I think (I'm pretty new to sparql so I'm just assuming by looking at it) the only thing with the structure you've posted is the additional edges between each domain and role.

So would this:

:role1 a :Role ;
:canAccess :domain1, :sub1 .

result in the role having edges to both domain1 and sub1?

a:Role1 -:canAccess-> a:Domain1
a:Role1 -:canAccess-> a:Sub1

If so, that's not the case. The roles are attached to only one domain and I'm looking to traverse down from that domain through the :hasDomain edges until I find another domain that has it's own role. It's basically an inheritance tree. if my syntax is correct

a:role1 -:canAccess-> a:Domain1 -:hasDomain-> a:Sub1

This is the same with the domains. domain1 only has an edge to sub1, not to sub2 and sub3 as well. That relationship is through travsering the tree one domain to the next.

Cheers
Paul

*update - I did get a little further in that I didn't realise in order to do recursive filtering you put the recursion inside the filter.

FILTER NOT EXISTS {
?domain (:hasDomain)* ?y.
?y ^:canAccess ?subrole.
}
I'm wondering if this is more along the lines of what I need to be aiming for? Maybe I'm on the wrong path, but my thoughts are what's needed is someway to recurse the hasDomain until you find a domain that has a role. ie filter out subdomain with their own role?
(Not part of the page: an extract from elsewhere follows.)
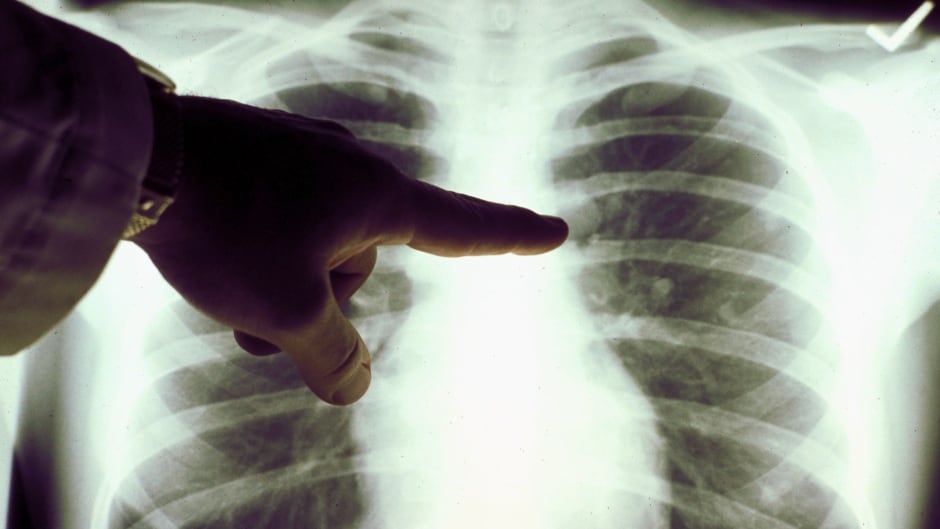 Luck versus lifestyle: Which is more important when it comes to cancer?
OK slowly getting there, thought I'd just post up my findings in case useful to anyone later.

So I have this

select * where { 
    ?user :hasRole ?role.
    ?role :canAccess ?roleDomain;
    
    ?roleDomain (:hasDomain)* ?subdomain.
    MINUS {
       ?subdomain ^:canAccess/^:hasRole ?user.
    }

    OPTIONAL {
        ?subdomain :name ?subName.
    }
    
    ?roleDomain a :Domain;
            :name ?roleDomainName.
}    

which is now returning

a:Role1 -:hasRole-> a:Domain1 -:hasDomain-> a:Sub1
a:Role1 -:hasRole-> a:Domain1 -:hasDomain-> a:Sub3
a:Role1 -:hasRole-> a:Domain1 -:hasDomain-> a:Sub4
a:Role2 -:hasRole-> a:Sub2 -:hasDomain-> a:Sub3
a:Role2 -:hasRole-> a:Sub2 -:hasDomain-> a:Sub4

So It's removing the sub2 domain from role 1 becuase it has it's own role directly attached. But it's not stopping the recursion of role1 from carrying on down the tree.

Any thoughts on how to halt the recursion would be appreciated

Cheers

Hi Paul,

I'm struggling to reproduce your result. Can you post a data file, removing any sensitive information? Can you also send us the exact output you're getting and the exact output you want? That will enable us to tweak your query until we get your desired result.

Best,
Steve

Hi Steve,

Thanks for getting back to me. I'll try and find some time to export something today and post it up.